About Time: Monday, November 4 2013

About Time is one of the most delightful films I have ever seen. It's about a normal middle-class family, living normal middle-class lives, loving and supporting each other, and enjoying life together. When the young couple falls into bed to make love, not just have sex, the camera discretely leaves the room and closes the door behind itself. What a relief! We are spared the primate couplings that mar too many films.When it finished, my friend, Rosemary, leaned over to me and said, "Awww!". Perfect comment! Definitely a very "feel good" film.

Wikipedia: About Time is a British romantic comedy science fiction film revolving around time travel where a young man tries to change his past to have a better future.[4] Written and directed by Richard Curtis,[5][6] and starring Domhnall Gleeson, as Tim, Rachel McAdams as Mary, Bill Nighy as Tim's father, and Lindsay Duncan as Tim's mother.
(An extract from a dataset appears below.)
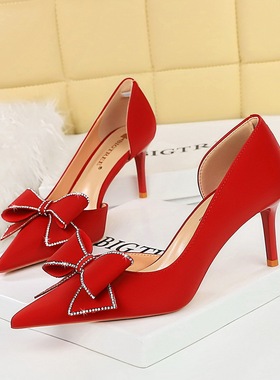 3226-AH37女鞋婚鞋高跟鞋细跟浅口尖头侧镂空水钻蝴蝶结单鞋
The cast is well-chosen. It was such a pleasure to see an normal age range among the actors, from young to old. Each was perfect for the part, and totally believable. The direction was top class, everything was highly competent. Admittedly, this is a slightly idealized version of middle-class life in normal families, but what a good image to hold up to young people as what is possible. I wonder sometimes what young people must pick up from some of the ghastly films about dysfunctional people and families that pass for entertainment nowadays.

I predict that the reviewers will have a hard time with this film. No violence, no explicit sex, no swearing, no conflict between characters, no obvious botox, everyone loving everyone else. Just normal people, leading normal lives, and a magical film with the very wise message of think about life, and enjoy it, as we only go through it once. The people in our lives are our true treasure, and we need to look after our relationships, putting forward our best side and simply loving others. Timeless messages, but worth remembering and applying to our own lives.

What better message can be given to young people? Should film makers think about the impression their films might make on impressionable young people? There are so many things we could say to young people: what might you say in a film?